Pesticide StewardshipSite Prep/Planting/Maintenance

On Target: Simple Herbicide Practices Help Conserve Monarch Habitat

When it comes to eliminating unwanted plants on farms and in our backyard, there is no single approach. Herbicides are one tool that is very effective when used in the right place, at the right time, and in the right amount. The Keystone Monarch Collaborative outlines some practices for using herbicides to safely and effectively control unwanted plants while conserving the integrity of the habitat for pollinators.

Common milkweed adjacent to soybeans Photo credit: Wayne Fredericks, American Soybean Association

Identifying milkweeds and other wildflowers that support pollinators is paramount. Monarchs depend on milkweed. It is the only plant their caterpillars can eat. There are numerous species of milkweeds native to different regions of the country. The Monarch Joint Venture has created a document that helps landowners identify milkweeds common in each region. The USDA-NRCS Plant Database is another resource available to landowners and the technical guidance is provided for conservation planners and landowners who are working to protect and improve pollinator habitat.

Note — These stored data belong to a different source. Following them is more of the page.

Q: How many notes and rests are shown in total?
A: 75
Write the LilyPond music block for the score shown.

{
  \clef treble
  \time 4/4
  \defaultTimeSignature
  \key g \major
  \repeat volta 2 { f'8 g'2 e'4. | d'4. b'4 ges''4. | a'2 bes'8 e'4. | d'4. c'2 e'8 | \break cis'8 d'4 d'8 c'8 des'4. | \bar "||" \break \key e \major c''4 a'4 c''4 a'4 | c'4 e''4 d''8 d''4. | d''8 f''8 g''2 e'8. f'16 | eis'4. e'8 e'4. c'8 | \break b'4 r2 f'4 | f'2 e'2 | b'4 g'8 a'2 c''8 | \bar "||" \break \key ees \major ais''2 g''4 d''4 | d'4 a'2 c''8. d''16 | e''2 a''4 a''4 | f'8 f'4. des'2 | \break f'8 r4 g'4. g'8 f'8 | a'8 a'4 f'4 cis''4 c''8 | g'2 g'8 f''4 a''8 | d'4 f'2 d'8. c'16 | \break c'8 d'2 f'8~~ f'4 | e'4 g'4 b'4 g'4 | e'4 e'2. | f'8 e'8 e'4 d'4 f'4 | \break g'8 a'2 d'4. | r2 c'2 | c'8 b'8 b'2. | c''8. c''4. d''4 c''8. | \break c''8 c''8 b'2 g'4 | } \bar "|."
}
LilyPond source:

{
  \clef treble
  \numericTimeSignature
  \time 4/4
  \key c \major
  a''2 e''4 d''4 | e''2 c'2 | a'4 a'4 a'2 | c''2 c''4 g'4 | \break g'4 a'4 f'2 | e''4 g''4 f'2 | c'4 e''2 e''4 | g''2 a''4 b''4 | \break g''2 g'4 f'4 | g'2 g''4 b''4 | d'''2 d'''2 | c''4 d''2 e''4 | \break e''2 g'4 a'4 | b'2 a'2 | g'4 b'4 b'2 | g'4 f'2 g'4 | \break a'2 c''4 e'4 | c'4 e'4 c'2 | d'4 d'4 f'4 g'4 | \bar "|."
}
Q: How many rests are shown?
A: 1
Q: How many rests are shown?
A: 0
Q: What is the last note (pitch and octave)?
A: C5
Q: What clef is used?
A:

Pollinator habitat next to corn Photo credit: Pete Berthelsen, Bee & Butterfly Habitat Fund

After identifying plants that support pollinators, take the necessary steps to preserve it from weed control measures. Areas such as road-sides, behind buildings, and other unproductive areas of fields are great places to support biodiversity and a flourishing monarch population alongside high-production agriculture. Employ targeted spraying by spot spraying only the problem areas; do not broadcast spray the entire area. Targeted spraying will enable farmers to effectively eliminate the unwanted plants while preventing the incidental transfer of herbicide droplets to other plants you want to protect. The National Pesticide Information Center recommends taking the following steps to prevent drift: 

  • Read and follow the label directions carefully.
    • The label may prohibit applications under certain weather conditions. Apply during calm weather conditions. High winds can increase the risk of drift.
    • Adjust your nozzle(s) and pressure to make bigger droplets. Bigger droplets fall faster, so they are less likely to drift with the wind.
    • Be sure that the product you are using is labeled for the specific area you are targeting.
  • Avoid applications when there is fog hanging in the air. It may indicate that a ‘temperature inversion’ may be taking place. That increases the risk of drift.
  • Applying some herbicides before hot weather can lead to vapor drift. That vapor can seriously damage nearby plants.
  • Direct sprays away from property lines. Keep the wand or hose as close as possible to the target.
  • Use your best judgment, with your unique knowledge of the site and the application equipment to keep the product on target.

By implementing these simple practices, farmers can effectively reduce the number of unwanted plants on their land while also supporting, enhancing, and protecting monarch habitat.